Tuesday, 18 September 2012

It is MOD civil service bonus time again; cliches will fall when hit...

So once again news has broken in the media that the MOD civil service is to get a bonus, or more precisely £30 million worth of bonus payments this year. The Mail is outraged, and other newspapers seem to be gearing up for the latest instalment of  ‘lets all burn the civil service heathens’…

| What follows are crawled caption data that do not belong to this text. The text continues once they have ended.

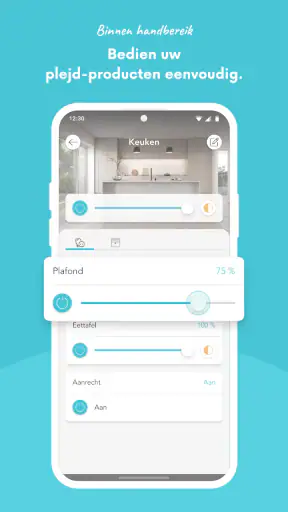 Plejd screenshot 3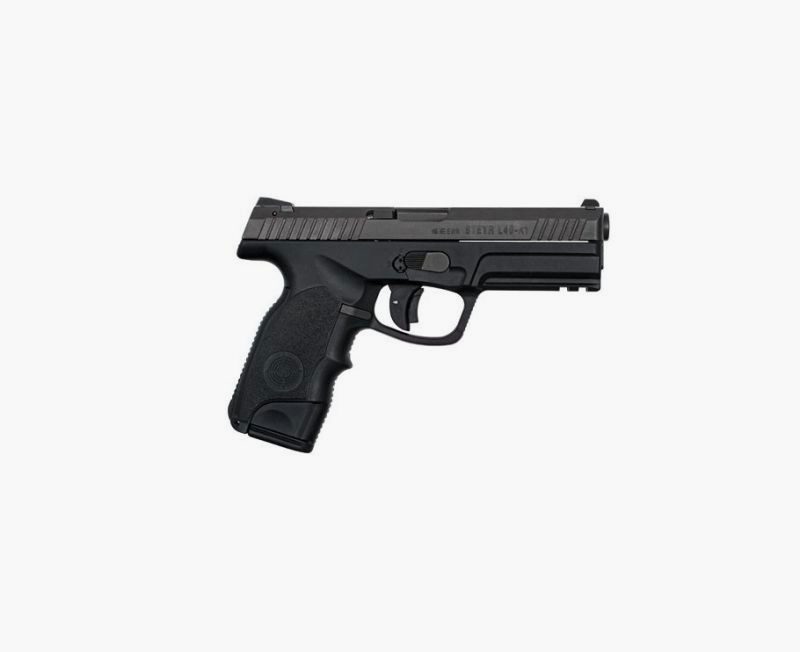STEYR M9A1 9MM 4" Barrel Black 17RD Mag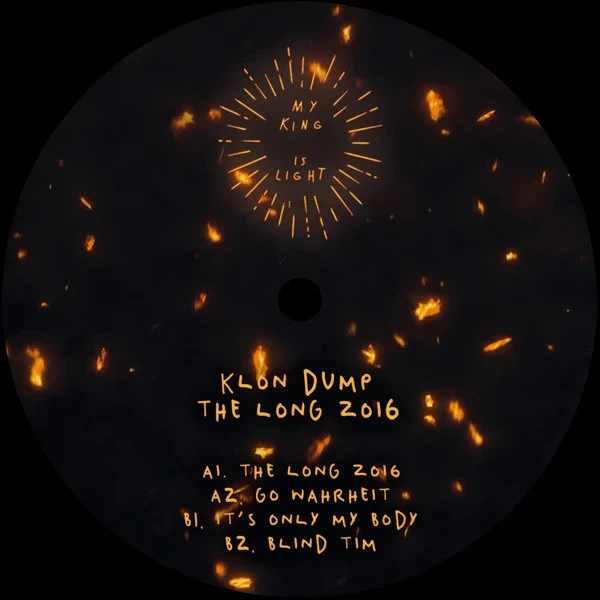 Klon Dump - The Long 2016 (12")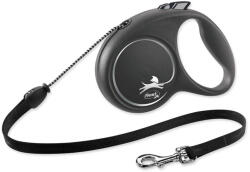 flexi Leash Flexi Black Design cablu M negru 5m (194-9021)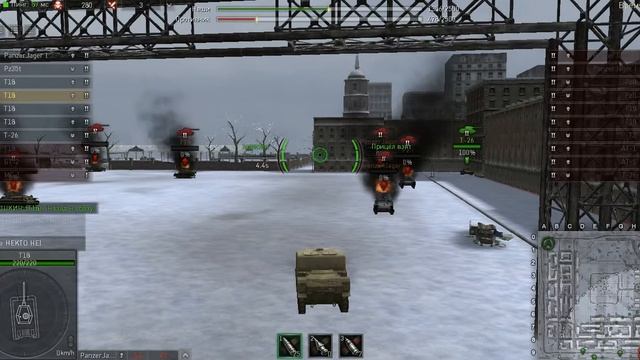 Баг в игре Ground war tanks смотреть онлайн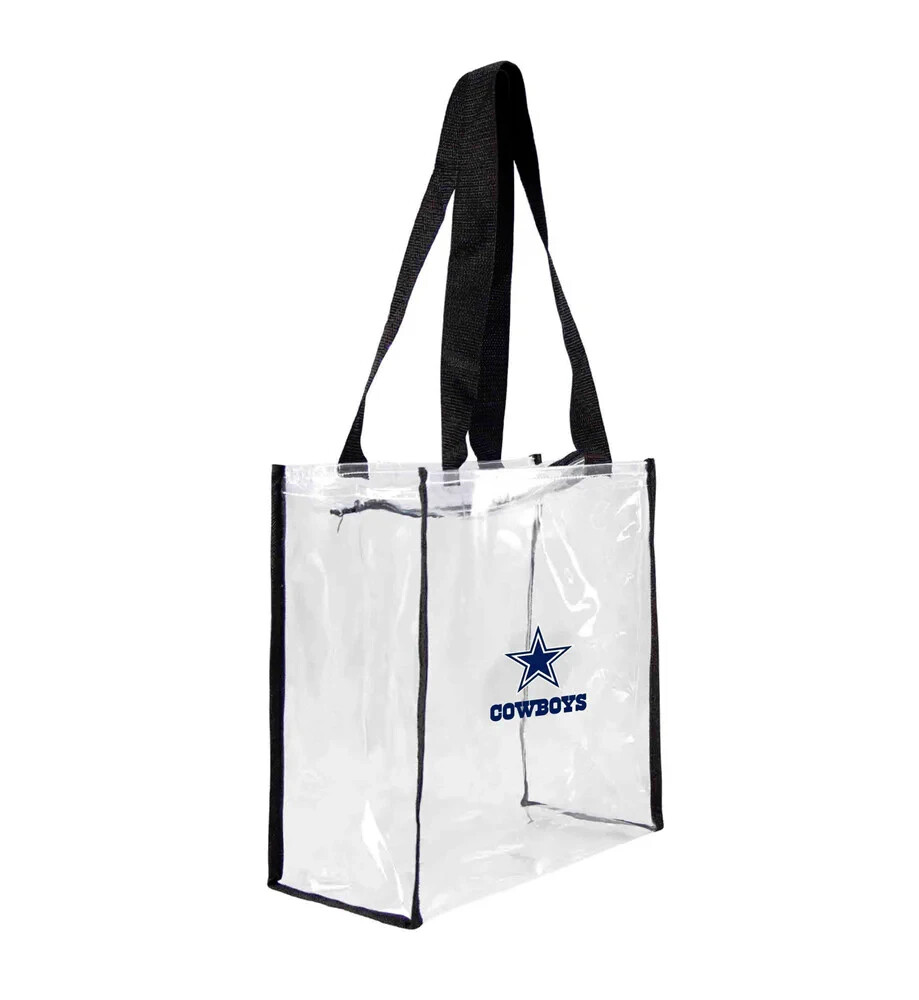 Dallas Cowboys Stadium Approved 12x12x6 Tote Clear Bag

Despite appearances to the contrary this is not a ‘bonus’ in the Merchant Banker sense. Many years ago a decision was imposed on the MOD that as part of efforts to improve performance some of the annual pay award would be set aside, and instead of forming consolidated pay, which was pensionable, would instead be paid as a bonus (which was not pensionable). The theory was sound, more money = improved performance and a smaller pension bill. The reality has been 10 years of changing assessment methods, different criteria for qualification and a sense of frustration by many civil servants that they are being hung out to dry in the press for having the audacity to be paid.

Humphrey has never met a single MOD civil servant in 10 years who supports the bonus system. In its earliest iterations it was divisive, as it meant 50% of a team would get an award, while 50% would not. Latterly it has been awarded to everyone who has met their performance criteria – in other words, if you turned up to work, did your job and didn’t get into trouble, then you’d get a basic bonus. Put more effort in, which could be demonstrated in a short statement and confirmed by management, and you might get a bit more. The problem was that goalposts varied tremendously, as the definition of merit seemed to change from team to team.

Next year it is promised that things will change and that only the top performing 10-20% of civil servants will get a ‘bonus’. This seems an effort to move it away from the concept of providing a top up to basic salary, and instead rewarding real achievement. Even now though some of the authors friends think that 10% is too large a proportion – after all, if only 10% of staff get a bonus, then the temptation for report writers is to lead to grade inflation to try and get everyone in on the act.

Personally the author has a dislike of the bonus scheme – why not use the very effective system of rewarding good performance through thank you letters from seniors, GEMS payments, the honours system and the like? Why do we have to go through an annual process of being castigated in the press for receiving payments tied into doing our job? Bluntly, a short personal note from a senior officer acknowledging something the author has done would mean a lot more than a small cash payment.

Tired old Cliches
The one thing that has annoyed all of the authors acquaintances today is the way that the media have trotted out the same old ‘pen pushers’ clich├ęs. Apparently while the forces will ‘only’ get a 1% pay rise, while shivering to sleep at night in cold barracks, yet the civil service is laughing it up with their £30 million bonus.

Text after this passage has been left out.